_DATA TO PROCESS_.
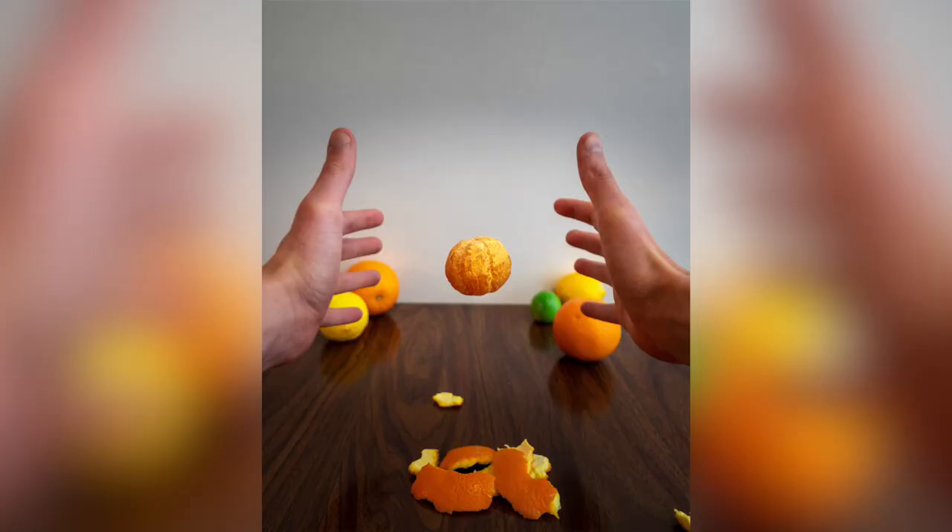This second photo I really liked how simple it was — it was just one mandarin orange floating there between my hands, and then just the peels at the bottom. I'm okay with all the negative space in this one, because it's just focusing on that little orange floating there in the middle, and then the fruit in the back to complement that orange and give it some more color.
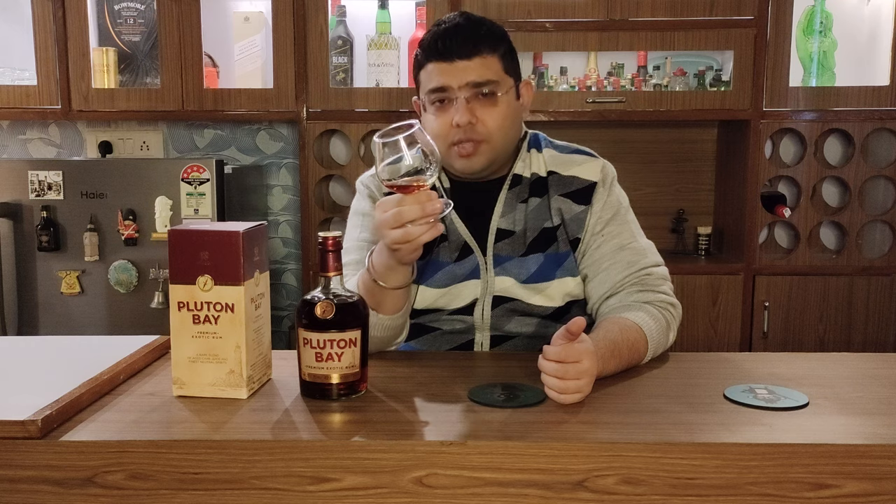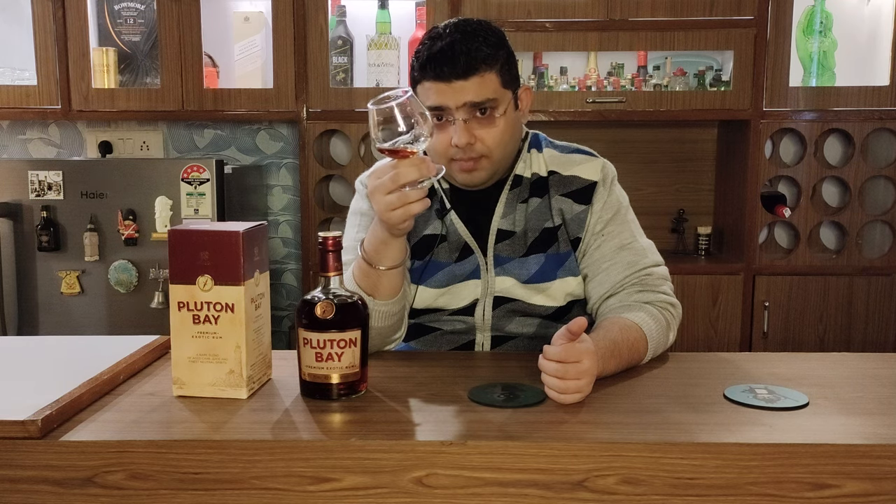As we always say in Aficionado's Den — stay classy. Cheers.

...

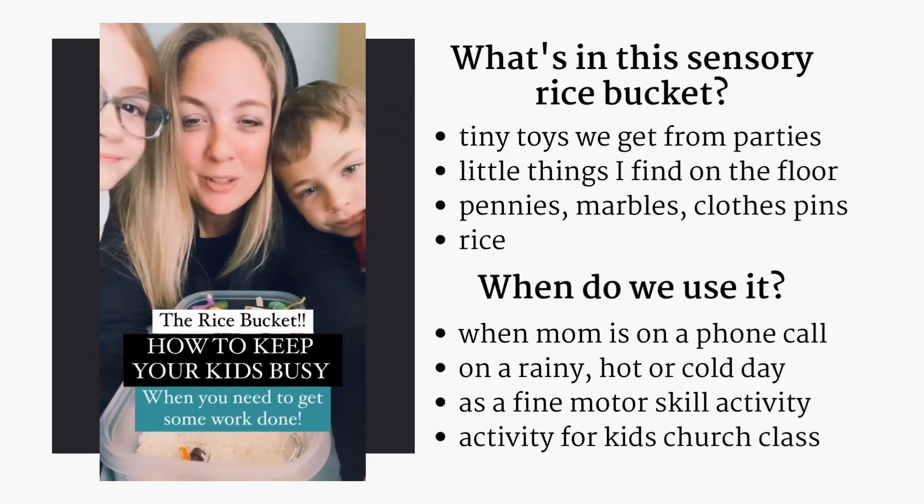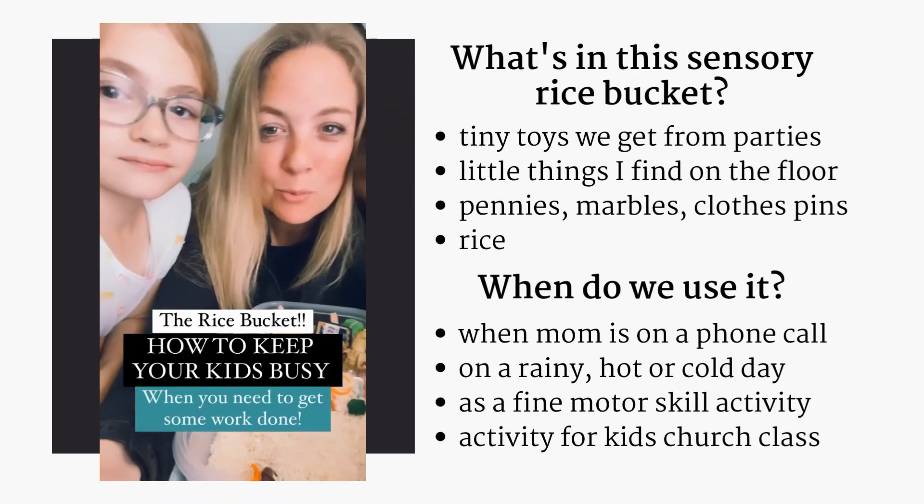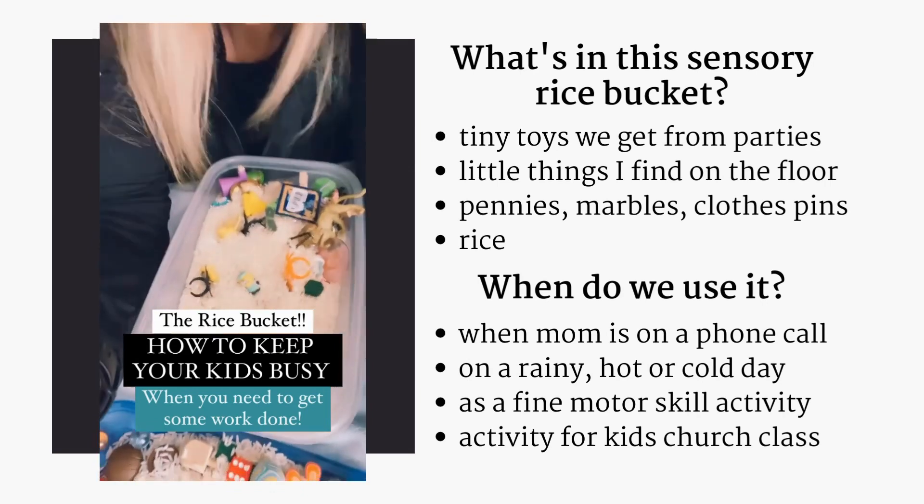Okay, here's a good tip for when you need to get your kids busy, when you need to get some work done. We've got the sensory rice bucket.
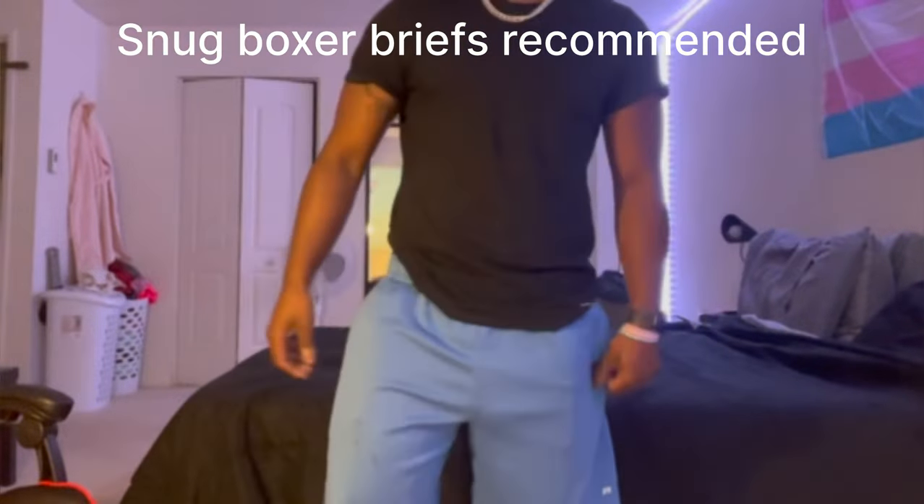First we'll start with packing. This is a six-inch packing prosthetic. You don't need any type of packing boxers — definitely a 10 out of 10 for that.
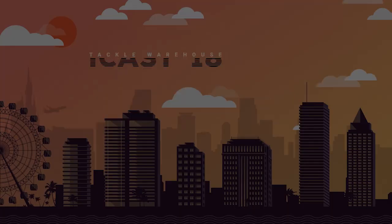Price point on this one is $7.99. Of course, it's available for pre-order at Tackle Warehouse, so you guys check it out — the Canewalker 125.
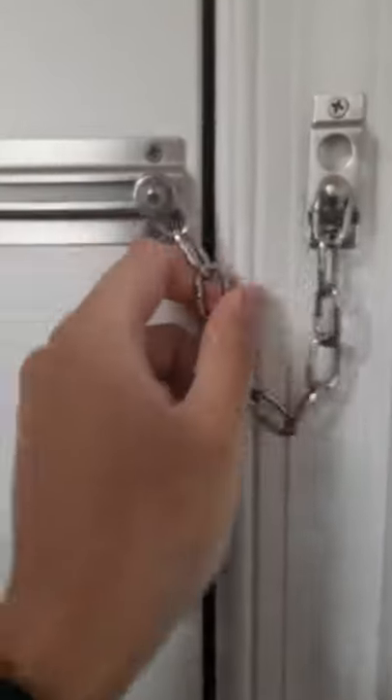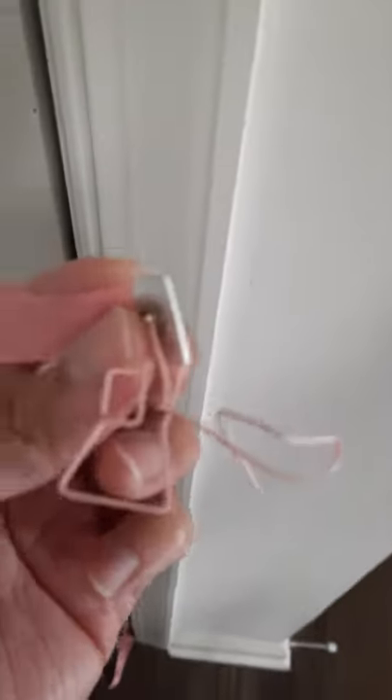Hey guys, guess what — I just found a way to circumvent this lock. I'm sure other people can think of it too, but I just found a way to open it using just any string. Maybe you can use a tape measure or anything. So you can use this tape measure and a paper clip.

--

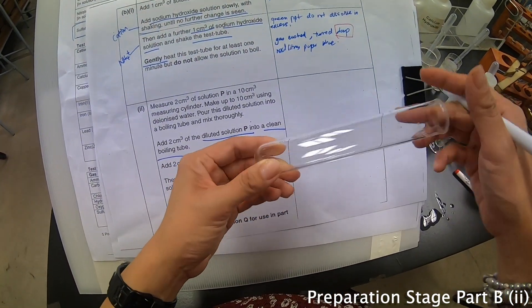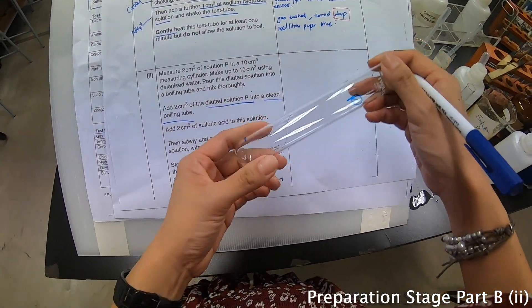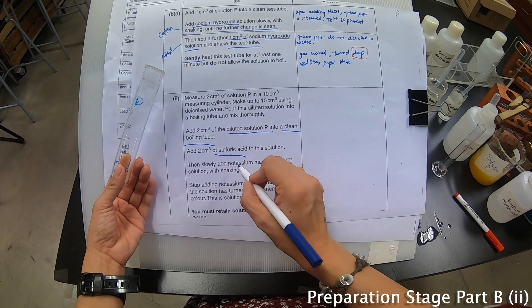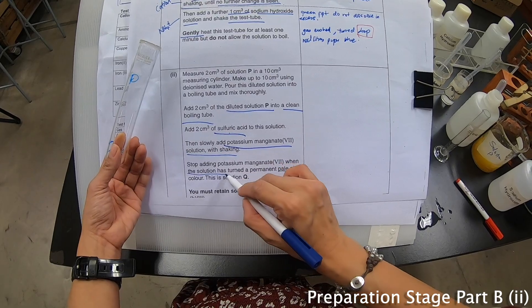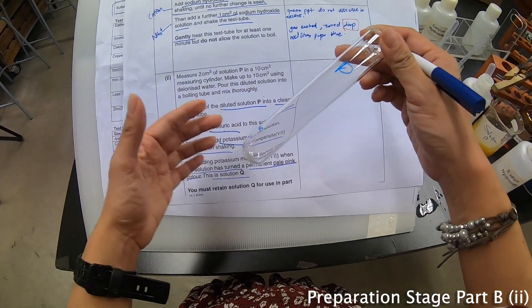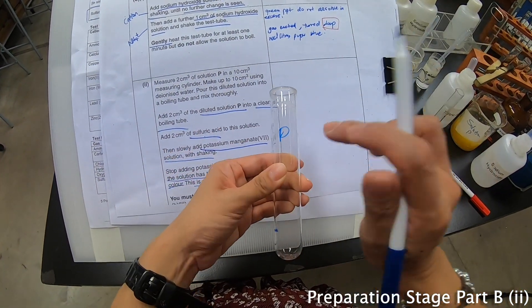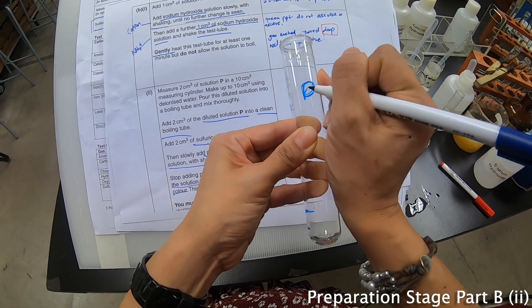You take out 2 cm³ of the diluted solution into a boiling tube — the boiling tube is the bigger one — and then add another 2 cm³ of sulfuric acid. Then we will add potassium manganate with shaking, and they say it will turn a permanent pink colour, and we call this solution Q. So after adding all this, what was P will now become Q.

_INSTRUCTIONS TO FOLLOW_.
Pictures are to be left out. Write out only the lines above starting at the one with "This second photo" and ending at the one with "As we always", both lines included, exactly.

_SOLUTION FOR THIS EXERCISE_.
This second photo I really liked how simple it was — it was just one mandarin orange floating there between my hands, and then just the peels at the bottom. I'm okay with all the negative space in this one, because it's just focusing on that little orange floating there in the middle, and then the fruit in the back to complement that orange and give it some more color.
As we always say in Aficionado's Den — stay classy. Cheers.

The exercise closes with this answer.